Unsupervised deep learning identifies semantic disentanglement in single inferotemporal neurons
Higgins et al. (2021), Nature Comms. The Deepmind gang is at it again comparing neural representations in face selective areas and unsupervised, disentangled neural networks. They ask whether single, face-selective neurons in IT are aligned to single disentangled causal factors. Perhaps a single neuron in IT encodes a single causal factor which affects the appearance of faces, e.g. skin tone, lighting, age, etc. The manifold perspective of neural representation, OTOH, is that neurons don’t have to be axis-aligned to represent interesting factors; arbitrary rotations of the latent factors are just as good candidates for representation. This would argue against axis-alignment.

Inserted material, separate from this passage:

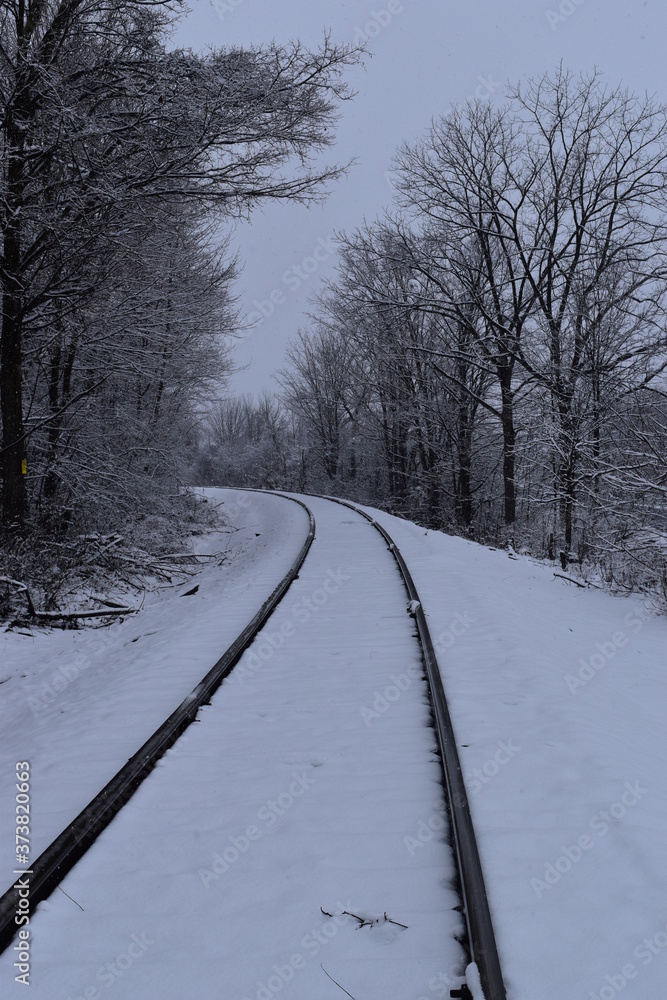 Snowy Tracks Snowy Tracks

They trained an unsupervised neural network, the beta-VAE, to represent faces. A beta-VAE is a variational auto-encoder (VAE) with a higher weight (=beta) on the KL term, which encourages the representation to be disentangled. They show in this case that single neurons in IT are aligned to single disentangled latent factors in the VAE, which argues against the manifold view and for the disentangled causal graph view. Like all good papers, asks more questions than it answer: how does disentangling happen in the brain? How do people learn disentangling? What’s the advantage of a disentangled representation?
Unsupervised learning predicts human perception and misperception of gloss
Storrs et al. (2021), Nature Human Behaviour. This paper examines the question of how humans perceive gloss from surfaces. They train a pixel-VAE on an ensemble of textures and examine how the latent factors are aligned to how humans perceive surfaces. They find that the VAE naturally disentangles different factors, and furthermore, is well aligned to human perception! Furthermore, they find that supervised networks don’t perform nearly as well on this task. Very cool idea, and lots of nice psychophysics in this paper.

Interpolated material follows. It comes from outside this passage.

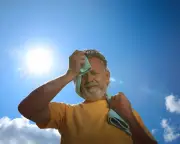 Warm Wind Panics Me More Than Heat in Climate Crisis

This year has seen huge advances in matching unsupervised and self-supervised models to brains. They offer a number of advantages over the alternatives: potentially a better match to brain data, they can trained without labels.
We have to be careful though: learning without labels is better than with labels, but we still have to run through the numbers to see if the math works out. In particular, because labels are expensive, and self-supervision opens the door for learning without labels, the latest class of models often uses a tremendous amount of data for training. For instance, GPT-3 is trained on essentially all the text that’s ever been produced by humanity (~500 billion tokens). By contrast, children in the most talkative homes are exposed to ~30M words by the time they’re five. If we find an alignment between GPT-3 and representations of language in the human brain, it doesn’t follow that contrastive training on an immense corpus as in GPT-3 is a biologically plausible mechanism for language acquisition and representation; we’re still off by 4 orders of magnitude.
2022 will hopefully see a lot of work on ethologically-grounded learning. This, mixed with biologically plausible self-supervised and unsupervised learning, will lead to more refined models of how the brain can learn good representations during evolution and development.
Footnote: I originally wanted to go through several trends here, but after writing 2000 words I think it’s a good time to cut off this post. Let me know if you’d like another post in this series!